Given an unsorted array of integers, find the length of the longest continuous increasing subsequence (subarray).

Example:

Input: [1,3,5,4,7]
Output: 3
Explanation: The longest continuous increasing subsequence is [1,3,5], its length is 3. Even though [1,3,5,7] is an increasing subsequence, it’s not continuous as elements 5 and 7 are separated by 4.

Example:

Input: [2,2,2,2,2]
Output: 1
Explanation: The longest continuous increasing subsequence is [2], its length is 1.

Clarifying Questions

  1. Are the input numbers always integers?
    • Yes, they are.
  2. Can the input contain negative numbers or zeros?
    • Yes, the input can contain any integer values.
  3. What is the expected size of the input array?
    • The size of the array can vary, typically within the constraints of typical online coding problems, might be up to 10^4.
  4. What should be returned if the input array is empty?
    • If the input array is empty, the function should return 0.

Strategy

This problem can be effectively solved using a single pass (O(n) time complexity) algorithm. We can maintain a variable to keep track of the current length of the increasing subsequence and another variable to store the maximum length found so far.

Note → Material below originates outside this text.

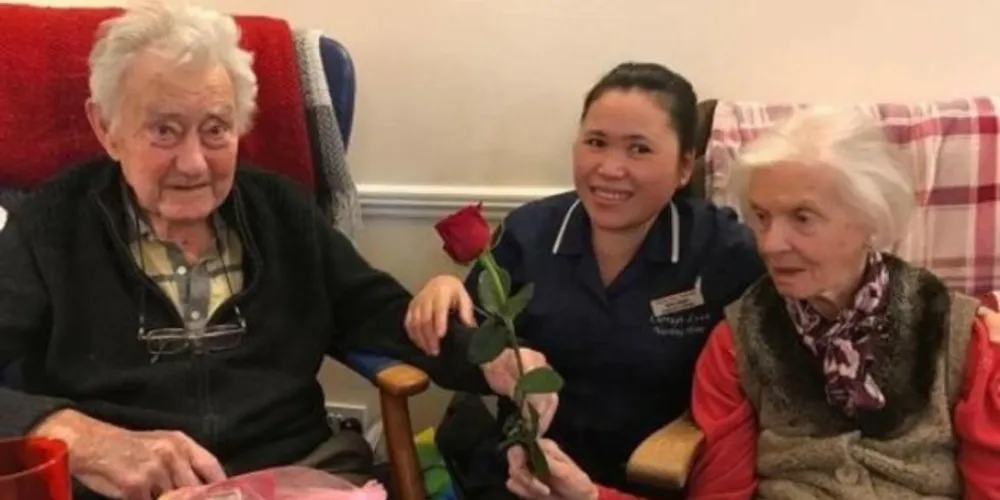 Os dois se apaixonaram quando tinham 17 anos/Foto: Reprodução/Curragh Lawn Nursing Home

  1. Initialize two variables, maxLen and currLen, to 1 since the minimum length for any subsequence with at least one element is 1.
  2. Iterate through the array starting from the second element:
    • If the current element is larger than the previous element, increase currLen by 1.
    • Otherwise, compare currLen with maxLen and update maxLen if necessary, then reset currLen to 1.
  3. After the loop, do a final comparison between currLen and maxLen in case the longest subsequence is at the end of the array.
  4. Return maxLen.

Code

#include <vector>
#include <algorithm> // For std::max

class Solution {
public:
    int findLengthOfLCIS(std::vector<int>& nums) {
        if (nums.empty()) return 0;
        
        int maxLen = 1;
        int currLen = 1;
        
        for (int i = 1; i < nums.size(); ++i) {
            if (nums[i] > nums[i - 1]) {
                ++currLen;
            } else {
                maxLen = std::max(maxLen, currLen);
                currLen = 1;
            }
        }
        
        // Final comparison in case the longest sequence ends at the last element
        maxLen = std::max(maxLen, currLen);
        
        return maxLen;
    }
};

Time Complexity

The time complexity for this algorithm is O(n), where n is the size of the input array. This is because we only make a single pass through the array.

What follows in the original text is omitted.